The Nuremberg district court ruled on February 8th, 2010 that one more employee representative may be added to the supervisory board of the consumer research company GfK. In the future it will consist of ten members, of whom four are employee representatives. GfK has been a European Company since February 2009 (see report in EWC News 1/2009).


An agreement had been reached on the extension of the supervisory board between the new SE Works Council and the central management of GfK on April 8th, 2009. It violates a rule in German SE-participation law which specifies that the number of supervisory board seats must be divisible by three. The verdict from Nuremberg gives more bargaining autonomy for the social partners to deviate from the exact wording of legislative text. It also has a consequence on the machine manufacturer MAN whose supervisory board is also not divisible by three (see report in EWC News 1/2009).

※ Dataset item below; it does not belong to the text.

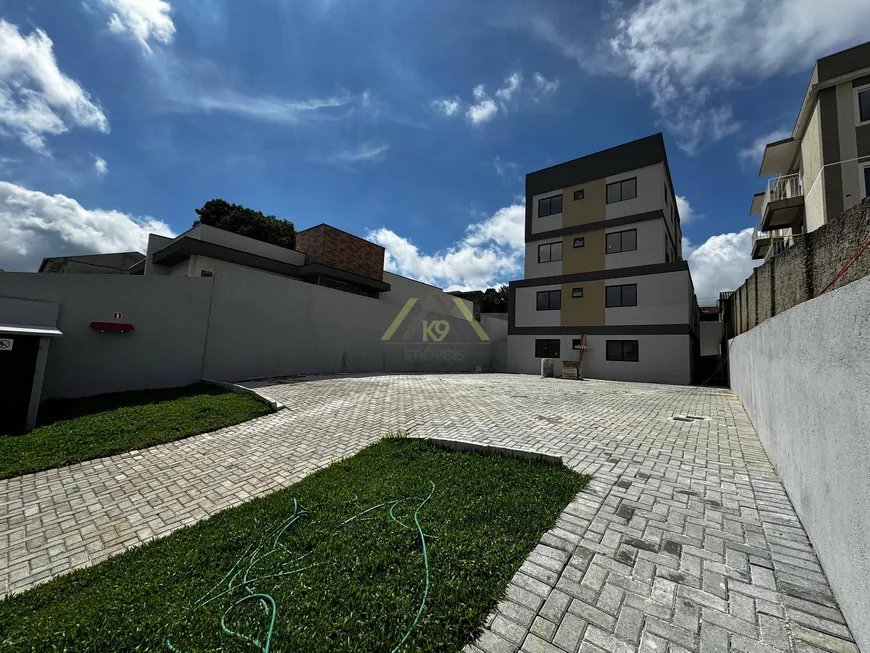 Foto 1 de Apartamento com 2 Quartos à venda, 57m² em Paloma, Colombo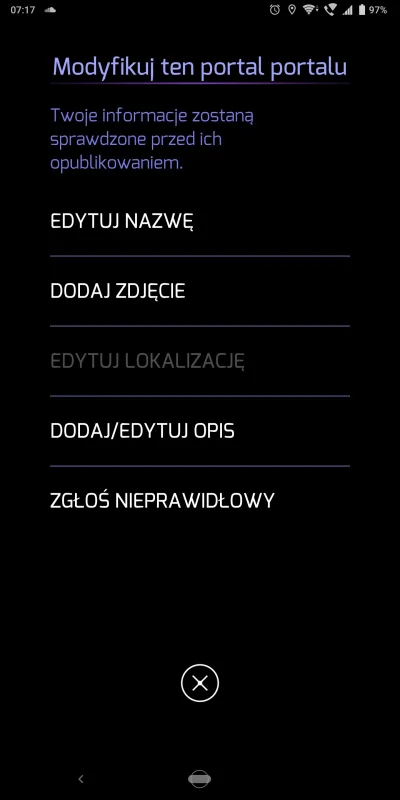 Leland_Palmer - @xiv7 Potrzebny 10 poziom, ale u mnie ta funkcja została włączona kie...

Occupational Safety committee meets in South Africa


Members of the ArcelorMittal international occupational safety committee visited sites in South Africa on January 27th and 28th, 2010 to work towards improving safety regulations. The committee was established following an agreement in June 2008 (see report in EWC News 2/2008) and has already initiated programmes in Kazakstan, Brazil, Mexico, Czechia and Romania.


Social standards in a South African retail chain


An international framework agreement was signed by Shoprite Checkers at their headquarters in Cape Town on February 23rd, 2010. This is the first agreement of its kind in the African retail trade and applies to 1,300 businesses in 17 African countries as well as in India. Negotiations with trade unions had been dragging on for more than three years.


The largest British retail chain still without a framework agreement


The Tesco trade union network met in Liverpool on March 1st and 2nd, 2010. This global forum was created in June 2008 (see report in EWC News 3/2008) and is working towards the conclusion of an international framework agreement as well as on the establishment of a world works council. In June 2009 the British trade union, USDAW, which represents the retail trade employees, had come to an agreement with Tesco’s central management on the establishment of a European Works Council.


First ever international framework agreements in Malaysia and Indonesia


On March 25th, 2010 a framework agreement was signed for the media group, Media Prima Berhad, for the safeguarding of social standards. The company is market leader in Malaysia and operates also in Ghana and the Philippines. A day later, a comparable agreement was also signed for the market leader in Indonesia, the media group Antara.

  9. Focus on social Europe

A Dublin foundation investigates labour relations

On December 14th, 2009, the European Foundation for the Improvement of Living and Working Conditions in Dublin presented a survey on social dialog. It had questioned management and employee representatives about the quality of the labour relations in more than 27,000 companies. Some results are given below:

Flexible working hours are very common in Scandinavia, particularly the compensation of accumulated overtime by days-off. Part-time work is most frequent in the Netherlands and the least in Middle and Eastern Europe. Overtime is usually compensated for by time-off in Germany and Belgium, whereas, the payment of overtime is more common in East European countries. The influence of employee representation bodies is the greatest on the topic of occupational health and safety issues and the least in company restructuring. Wage bargaining is most widespread in Italy and Spain and hardly present at all in the Baltic countries.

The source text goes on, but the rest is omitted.